Her masks are made with the traditional Italian Renaissance technique of forming leather over a plaster cast of the client’s face. The leather is sculpted, then set and painted. The site offers a link to see an overview of this process.
The Masks of the Goddesses had its inception in 2000, when Raine worked with mask artists in Bali and witnessed how masks were created to represent mythological characters in Balinese theater and dance. The series of thirty masks were created to re-claim and re-invent important stories, as well as to empower women to explore archetypes within themselves. She describes them as contemporary “Temple Masks” devoted to celebrating feminine deities throughout the world for a multi-cultural audience.
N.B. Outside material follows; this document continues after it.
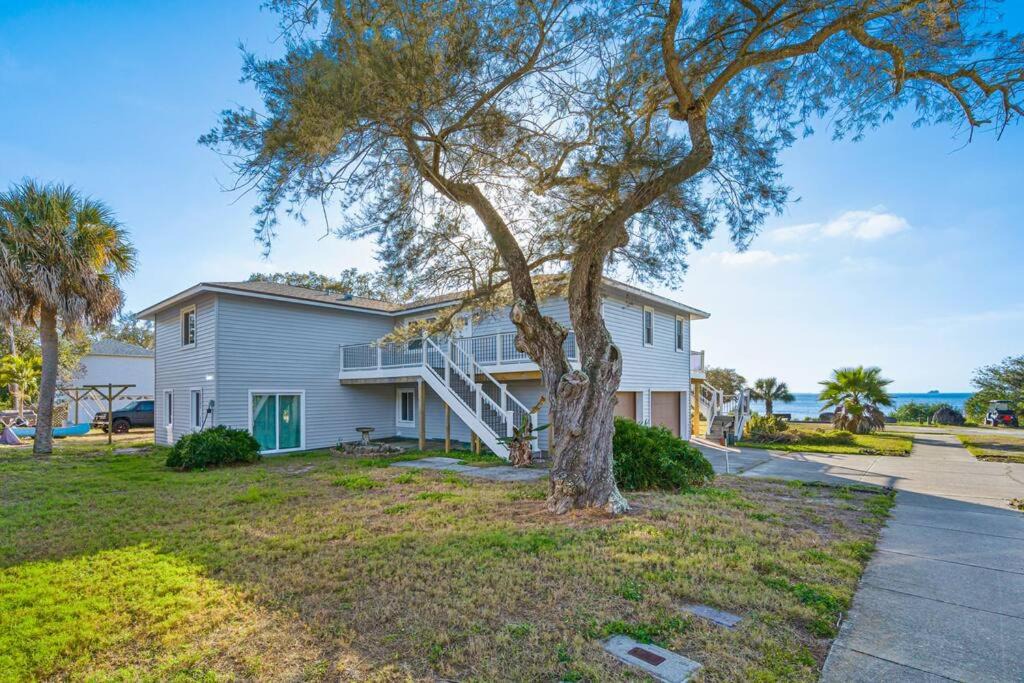 Photo of Buildings in Crystal Beach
The collection traveled throughout the United States.
The process of art can mean many things to artists, and for Raine, art-making is most often a spiritual practice. Many of her works serve as devotionals, including the series Earth Shrines that recalls our source in the earth.
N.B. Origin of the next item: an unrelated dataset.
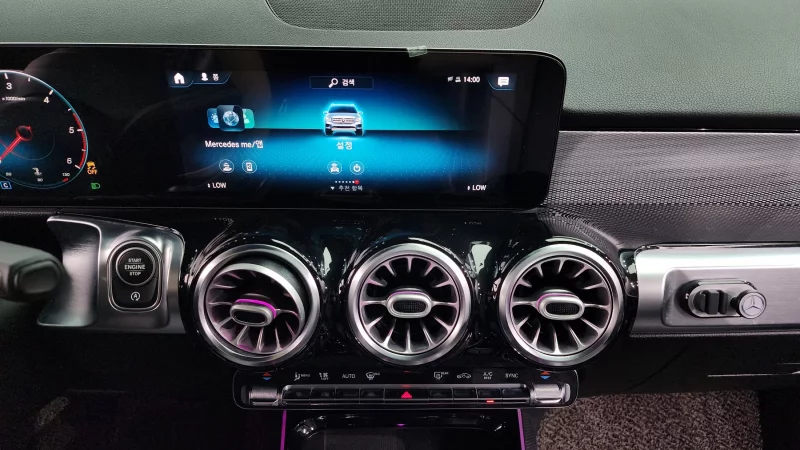 Mercedes-Benz GLB-Class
This concept “Spirit of Place” evolved into the series Numina: Masks for the Elemental Powers. Many early and indigenous cultures share the concept that gods and goddesses arose from the powers of wind, earth, fire, and water. Thus the Numina masks invite others to join in a “mythic conversation” with the Spirits of Place.
Lauren Raine is a Southwestern artist, so it’s not a surprise that she was inspired by the Native American creatrix—“Spider Woman.” Raine sees the Hands of the Spider Woman series as a metaphor for our time. In Pueblo mythology it was Spider Woman who led the people through the birth canal into the next world.
Lauren Raine is a painter, sculptor, mask maker, performance artist, author, and choreographer represented in international private and public collections. She has an MFA in Painting and Cross Discipline Arts from the University of Arizona.